Несмотря на то что, как и все связанное с формой поведения, отношение к языку пытается уйти от какоголибо экспериментального измерения, подобного тому, что применяется в достаточно рутинных эмпирических исследованиях, связанных с проведением опросов и интерпретацией их результатов, — все же можно найти показатели модальности языкового поведения в объективных характеристиках языковой компетенции, измеряемой по словарному тесту[53]. Так, можно принять за показатель разного отношения к языку тот факт, что студенты Сорбонны или студенты происходящие из привилегированных классов, и тем более студенты Сорбонны, происходящие из привилегированных классов, пропорционально более многочисленны чем другие, предпринимающие попытку дать определение несуществующему слову, преднамеренно внесенному в словарный тест (например, «герофагия»). Если к этому добавить, что студенты с «блестящим» школьным прошлым (классическое образование, похвальные грамоты и т. п.) гораздо реже колеблются перед попыткой дать определение слову-ловушке и что эта привилегированная в каждом из рассмотренных нами выше отношений категория дает больше связных многословных определений этому похожему на этнологический термину, — то можно сделать вывод, что свободное владение языком, когда оно сопровождается уверенностью в себе, связанной с принадлежностью к привилегированной категории, порой доходит до бесцеремонности [54].

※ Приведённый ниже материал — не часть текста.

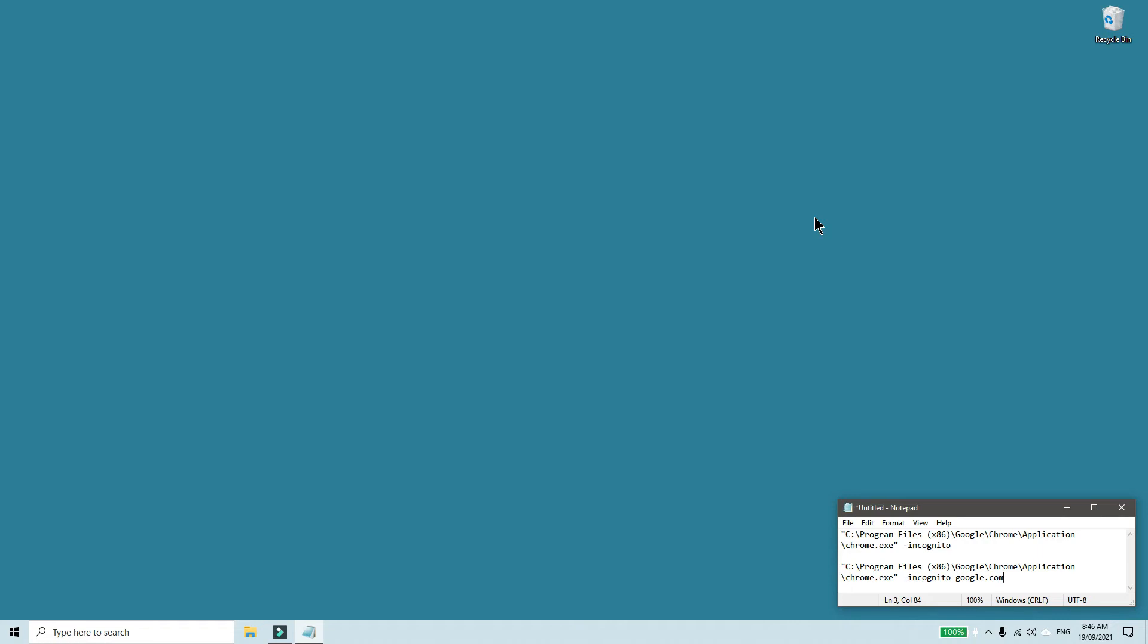In this video, we'll explore how to create a Windows 10 shortcut to open Chrome in incognito mode.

Аналогичным образом систематическое наблюдение за вербальным и жестовым поведением кандидатов на устном экзамене позволяет пролить свет на некоторые социальные знаки, которыми бессознательно руководствуется преподаватель и к которым нужно отнести показатели модальности владения языком (правильность, акцент, тон, манера речи), в свою очередь, связанные с модальностью отношения к преподавателю и к ситуации экзамена, выражающейся в манере держаться, жестах, одежде, косметике и мимике[55]. Требуемый по условиям эксперимента анализ показывает, что нет ничего, особенно в оценках знаний и умений, даже самых технических, что не было бы как бы заражено системой сопряженных впечатлений, а точнее говоря, накладывающихся друг на друга впечатлений, которые работают на одну глобальную диспозицию, т. е. систему манер, характерных для определенной социальной позиции[56]. По сравнению с так называемой вынужденной непринужденностью, особенно часто встречающейся у тех студентов из средних и народных классов, которые стараются беглостью речи, но не без рассогласований в ее тональности, приспособиться к университетским речевым нормам, так называемая естественная непринужденность подтверждает хорошо усвоенное владение языком через темп речи, ровную тональность, стилистическую литоту и другие свидетельства искусства, скрывающего искусство, высшую манеру внушать — путем приглушения стремления говорить слишком хорошо — превосходство силы своей речи. Такое натруженное отношение к языку, откуда сквозит беспокойство о том, чтобы поставить себя или заставить признавать в обществе, бессознательно квалифицируется как непринужденность бедности или. что одно и то же, хвастовство нувориша: оно слишком прозрачно намекает на свою функцию извлечения дохода, чтобы не вызывать сомнений в вульгарной заинтересованности на взгляд преподавателей, дорожащих престижной фикцией обмена, которая даже на экзамене остается самоцелью.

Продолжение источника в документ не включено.